TASK BRIEF: Return the entries verbatim and drop every picture.

Stored data
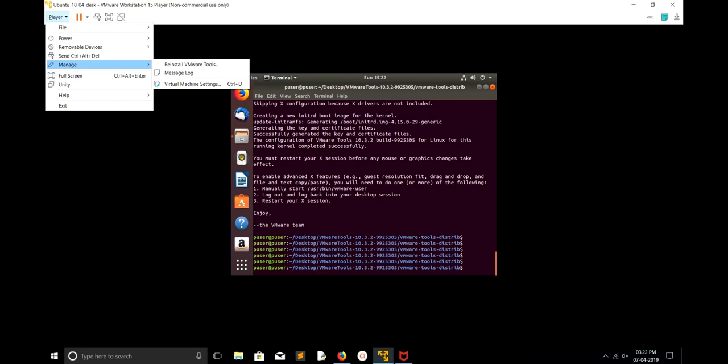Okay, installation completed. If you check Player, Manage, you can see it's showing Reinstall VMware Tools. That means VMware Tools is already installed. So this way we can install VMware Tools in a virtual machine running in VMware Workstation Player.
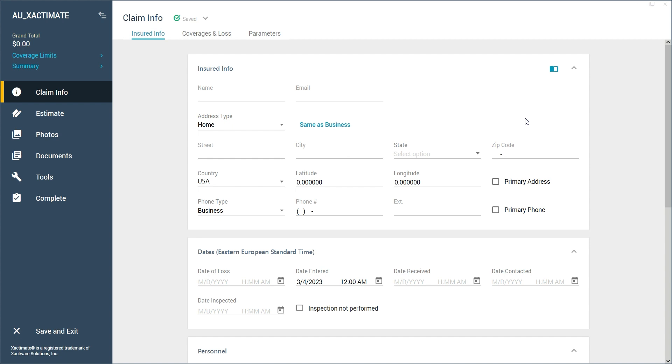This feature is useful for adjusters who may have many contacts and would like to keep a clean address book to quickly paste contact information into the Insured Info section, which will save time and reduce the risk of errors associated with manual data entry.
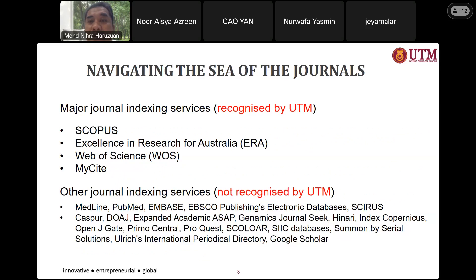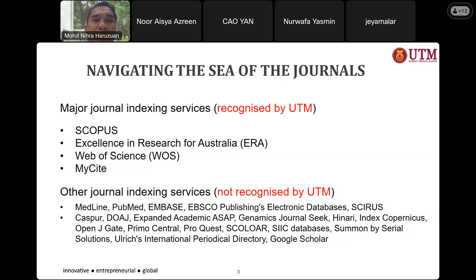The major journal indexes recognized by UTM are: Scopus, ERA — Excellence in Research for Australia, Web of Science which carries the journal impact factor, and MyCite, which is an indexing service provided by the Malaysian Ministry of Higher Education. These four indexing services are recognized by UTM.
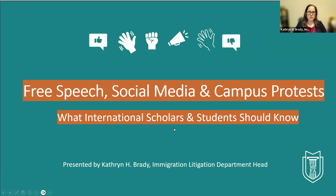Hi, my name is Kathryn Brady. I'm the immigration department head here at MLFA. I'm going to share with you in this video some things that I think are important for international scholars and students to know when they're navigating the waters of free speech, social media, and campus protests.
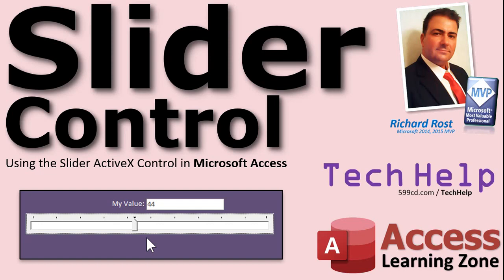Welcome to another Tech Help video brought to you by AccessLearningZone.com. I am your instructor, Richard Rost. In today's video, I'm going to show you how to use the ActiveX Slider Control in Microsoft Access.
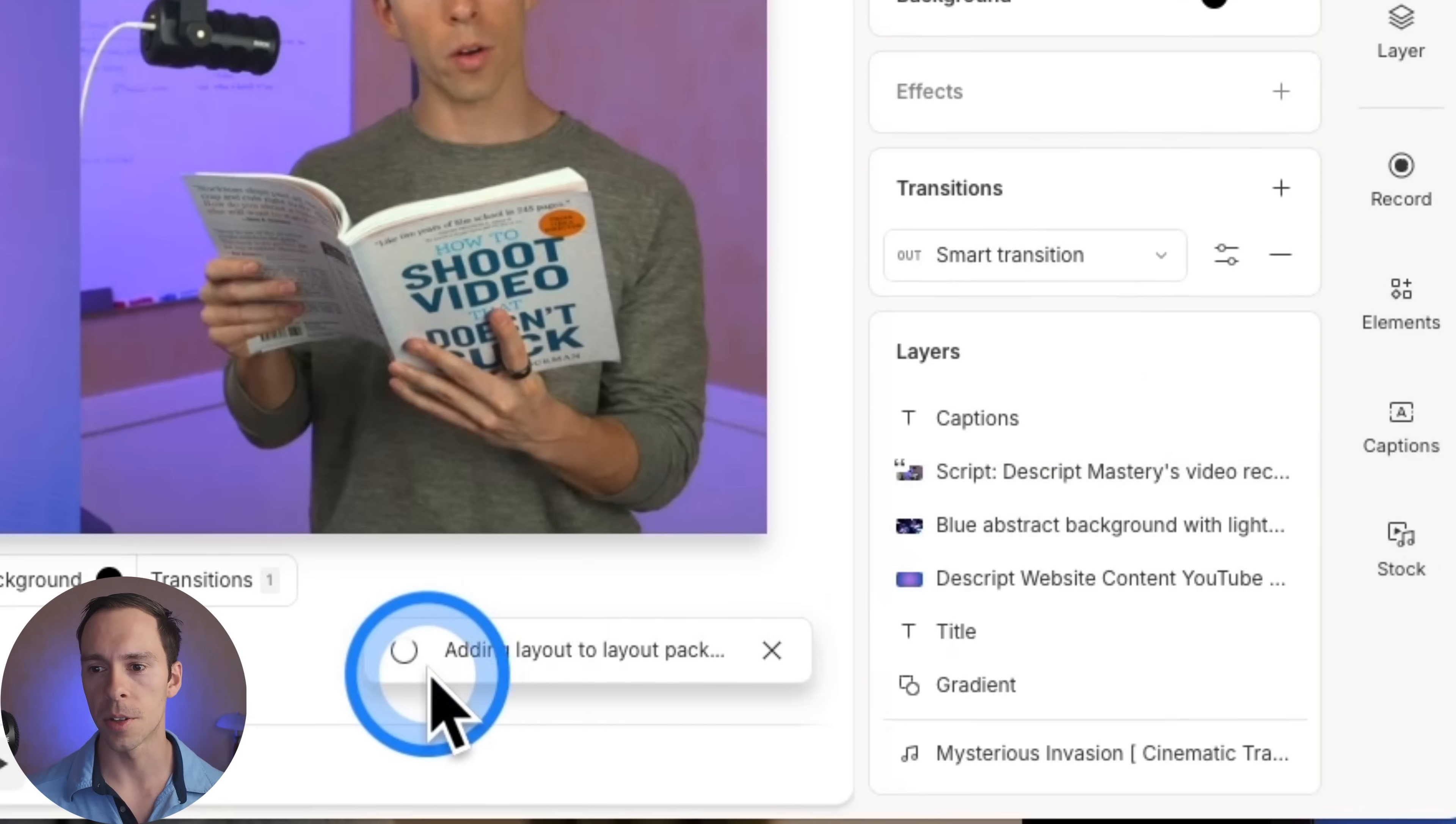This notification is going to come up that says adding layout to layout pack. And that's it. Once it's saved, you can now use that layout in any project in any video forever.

RESULT OF THE EXERCISE:
Okay, installation completed. If you check Player, Manage, you can see it's showing Reinstall VMware Tools. That means VMware Tools is already installed. So this way we can install VMware Tools in a virtual machine running in VMware Workstation Player.
This feature is useful for adjusters who may have many contacts and would like to keep a clean address book to quickly paste contact information into the Insured Info section, which will save time and reduce the risk of errors associated with manual data entry.
The major journal indexes recognized by UTM are: Scopus, ERA — Excellence in Research for Australia, Web of Science which carries the journal impact factor, and MyCite, which is an indexing service provided by the Malaysian Ministry of Higher Education. These four indexing services are recognized by UTM.
Hi, my name is Kathryn Brady. I'm the immigration department head here at MLFA. I'm going to share with you in this video some things that I think are important for international scholars and students to know when they're navigating the waters of free speech, social media, and campus protests.
Welcome to another Tech Help video brought to you by AccessLearningZone.com. I am your instructor, Richard Rost. In today's video, I'm going to show you how to use the ActiveX Slider Control in Microsoft Access.
This notification is going to come up that says adding layout to layout pack. And that's it. Once it's saved, you can now use that layout in any project in any video forever.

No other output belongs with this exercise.